9. Same goes for my job and coworkers. Or, as I fondly refer to them as “my other family.” With half of my world following me on Facebook and Twitter, unless I am prepared to skulk uncomfortably around the office, it’s probably in my best interest to refrain from this too.

8. Writer’s block. I think the right side of my brain has atrophied along with the muscles in my thighs and upper arms. Whatever material I thought I had stored up, seems to be resistant to release–especially in the face of the keyboard and computer.

7.  Intimidation. In case you haven’t noticed, there are a bazillion amazing blogs out there. Ok, so, a bazillion is a bit of an exaggeration. Maybe it’s only a zillion. All I know is that there are a LOT. And, a lot of good ones at that. Start looking at other blogs and you begin to think that a) I’m not worthy! or b) the topic’s already been written about. What more can I bring to the table?

6. Photos. I’m embarrassed to admit this but I honestly don’t know how to download photos. I don’t even own my own camera. I share one. Pictures may not be necessary for blog posts but they do add that special somethin’.  This is one of my goals for the next few months.

5. Drama. Growing up, and probably up until a few years ago, I had a lot of drama in my life. Most of it was probably self-induced but a good percentage of it was what I might call bad luck. When you’ve got drama going on, there is a LOT to talk and write about. Take away the drama and you start writing about what you ate for breakfast, how long your commute was, etc… That’s where I am these days.

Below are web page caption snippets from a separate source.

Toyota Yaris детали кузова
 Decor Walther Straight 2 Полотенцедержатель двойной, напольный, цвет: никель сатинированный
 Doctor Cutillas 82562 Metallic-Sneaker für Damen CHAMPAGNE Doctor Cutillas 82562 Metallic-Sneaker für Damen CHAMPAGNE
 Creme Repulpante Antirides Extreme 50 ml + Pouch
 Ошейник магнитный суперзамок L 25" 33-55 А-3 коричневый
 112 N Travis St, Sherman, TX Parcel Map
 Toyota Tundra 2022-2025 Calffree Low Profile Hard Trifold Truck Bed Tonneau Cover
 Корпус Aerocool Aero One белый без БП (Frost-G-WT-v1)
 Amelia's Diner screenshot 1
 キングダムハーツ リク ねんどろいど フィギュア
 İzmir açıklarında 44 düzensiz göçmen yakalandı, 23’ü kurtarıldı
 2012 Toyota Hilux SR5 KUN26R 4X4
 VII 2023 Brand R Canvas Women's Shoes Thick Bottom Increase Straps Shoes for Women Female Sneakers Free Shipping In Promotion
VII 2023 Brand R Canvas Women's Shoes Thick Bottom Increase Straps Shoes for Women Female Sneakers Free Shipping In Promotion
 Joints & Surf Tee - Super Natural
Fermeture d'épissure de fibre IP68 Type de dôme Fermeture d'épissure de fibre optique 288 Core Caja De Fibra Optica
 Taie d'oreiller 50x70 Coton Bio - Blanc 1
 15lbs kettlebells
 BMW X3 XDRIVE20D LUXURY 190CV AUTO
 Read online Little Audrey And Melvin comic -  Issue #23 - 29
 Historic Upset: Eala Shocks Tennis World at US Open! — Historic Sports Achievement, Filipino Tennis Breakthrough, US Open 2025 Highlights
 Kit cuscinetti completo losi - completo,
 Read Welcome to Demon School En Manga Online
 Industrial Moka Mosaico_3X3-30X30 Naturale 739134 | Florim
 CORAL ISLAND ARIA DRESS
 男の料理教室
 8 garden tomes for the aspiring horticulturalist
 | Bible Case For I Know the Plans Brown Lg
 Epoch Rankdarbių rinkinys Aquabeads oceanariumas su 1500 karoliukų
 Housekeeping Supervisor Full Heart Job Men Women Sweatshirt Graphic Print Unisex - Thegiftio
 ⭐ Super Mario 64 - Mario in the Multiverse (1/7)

4. Shame. Am I really brave enough to admit in a blog post that some days I feel like the world’s worst mother. Because there are  days –like today–where after a long day at the office, I’ve got nothing. I love my daughter immensely, but, sometimes I just don’t FEEL like putting on the one woman circus just to get her to get into her car seat. And, sometimes, I just have to crank up that Led Zeppelin to drown out the whine cry on the 5 minute drive home. I’m not going for Mother of the Year but having other people potentially comment on how I could be doing things better is not something I’m prepared to handle just yet.

3. My funny is lost on my fingers. One of the reasons I was finally talked into starting a blog is because I’ve been told I’m really funny. This is based on all of the emails I’ve been sending around to family and friends over the years. Let’s face it – when you hear something enough  you start to believe it. I started thinking “Hey, I’m funny. They’re right. I should start penning this material.” And, yet, the only time I find myself inspired to write a blog post is when I’m chewing on some existential crisis. I’m having a hard time doing funny.

2. Time. I truly underestimated how much time it takes to really craft a good blog post. I don’t mean I thought this would be easy for me. I mean others make it LOOK so easy. I always envision other bloggers typing out posts on their iphones while they’re driving their cars and singing songs with their kiddies in the back seat.  I am NOT that talented.

1. Well, this is where I am supposed to pull out the blockbuster #1 reason for why it’s so hard to blog. I guess if I could do that, I wouldn’t be suffering from  #8.  Truthfully, I’ve actually learned a little something about myself in this short period of time since I launched this site which is that as open as I think I am, there is that part of me that likes to keep things tidy and neat for the outside world. Tidy and neat doesn’t really make for an interesting blog. I know. I’m working on it.